▶ **DESCRIPTION OF THE TASK**
Given the entries below, would you transcribe exactly the lines starting at the one with "Excel's Sort and" and ending at the one with "If you are an", both kept, pictures omitted, nothing extra?

▶ **DATA SHOWN**
_ _ _ _
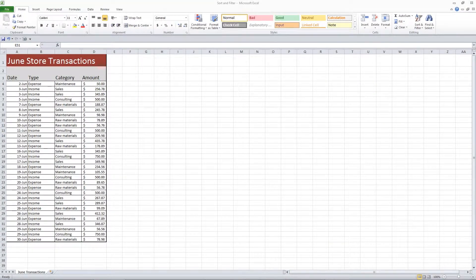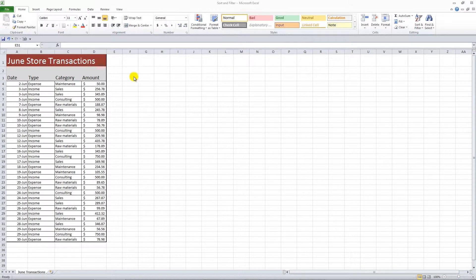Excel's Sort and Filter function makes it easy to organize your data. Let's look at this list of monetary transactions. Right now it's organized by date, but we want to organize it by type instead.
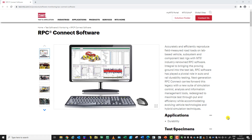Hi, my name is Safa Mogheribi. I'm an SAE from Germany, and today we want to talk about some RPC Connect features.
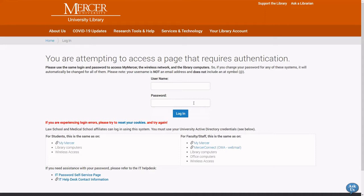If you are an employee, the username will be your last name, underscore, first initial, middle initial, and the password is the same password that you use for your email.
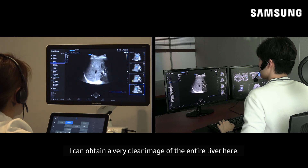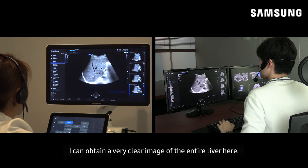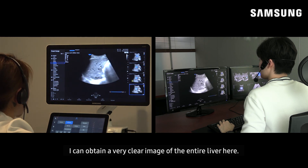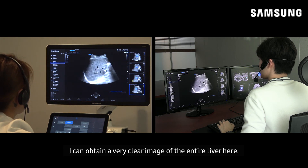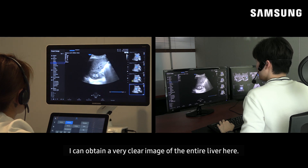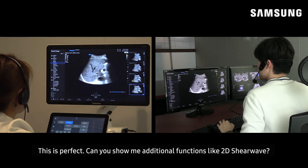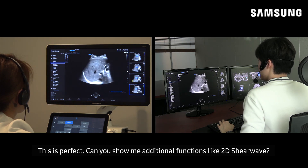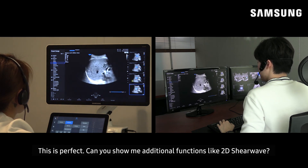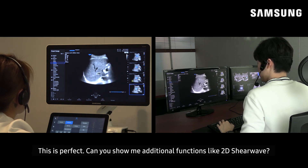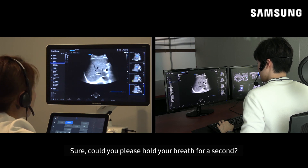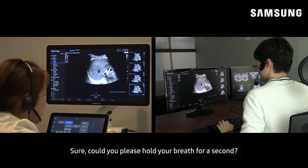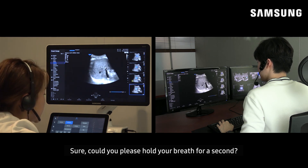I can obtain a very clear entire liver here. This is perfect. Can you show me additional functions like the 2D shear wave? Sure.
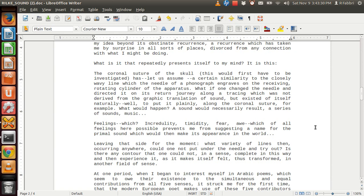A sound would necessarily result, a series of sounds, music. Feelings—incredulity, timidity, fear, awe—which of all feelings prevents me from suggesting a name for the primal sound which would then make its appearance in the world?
_ _ _ _
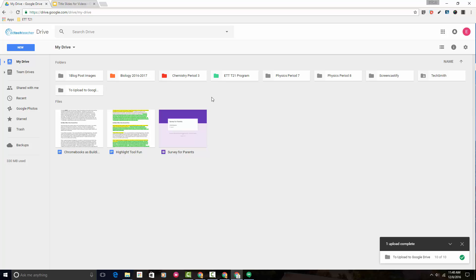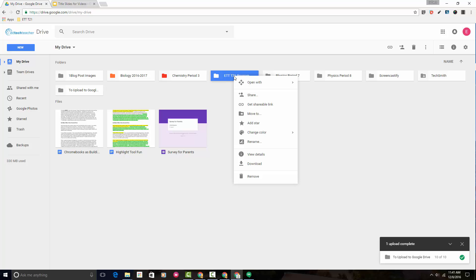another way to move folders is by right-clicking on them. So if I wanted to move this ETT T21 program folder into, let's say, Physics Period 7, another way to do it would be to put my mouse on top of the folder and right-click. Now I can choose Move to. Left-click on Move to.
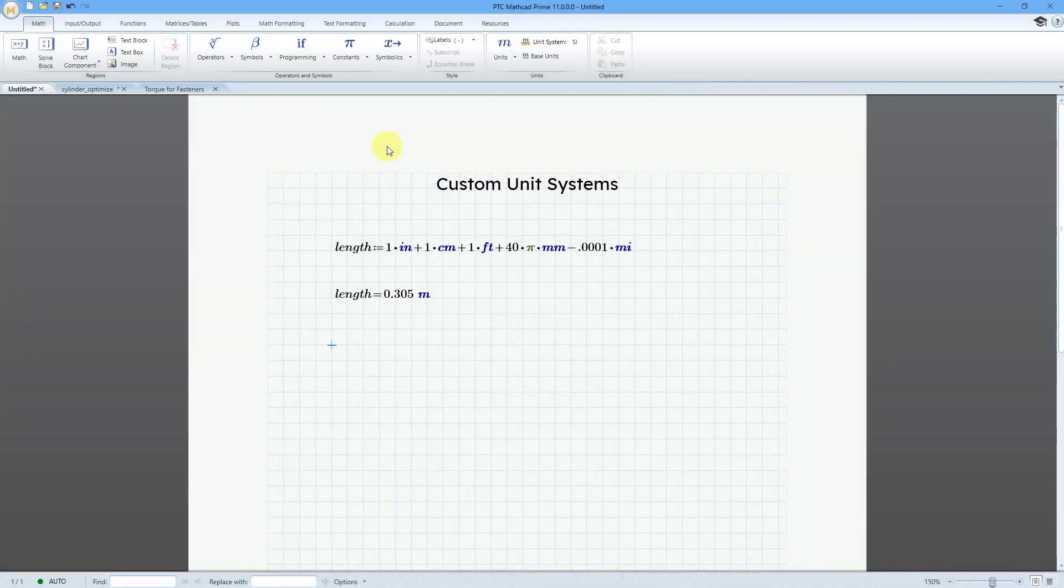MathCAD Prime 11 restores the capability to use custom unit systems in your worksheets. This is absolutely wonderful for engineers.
_ _ _ _
▶ **RESULT OF THE TASK**
Excel's Sort and Filter function makes it easy to organize your data. Let's look at this list of monetary transactions. Right now it's organized by date, but we want to organize it by type instead.
Hi, my name is Safa Mogheribi. I'm an SAE from Germany, and today we want to talk about some RPC Connect features.
If you are an employee, the username will be your last name, underscore, first initial, middle initial, and the password is the same password that you use for your email.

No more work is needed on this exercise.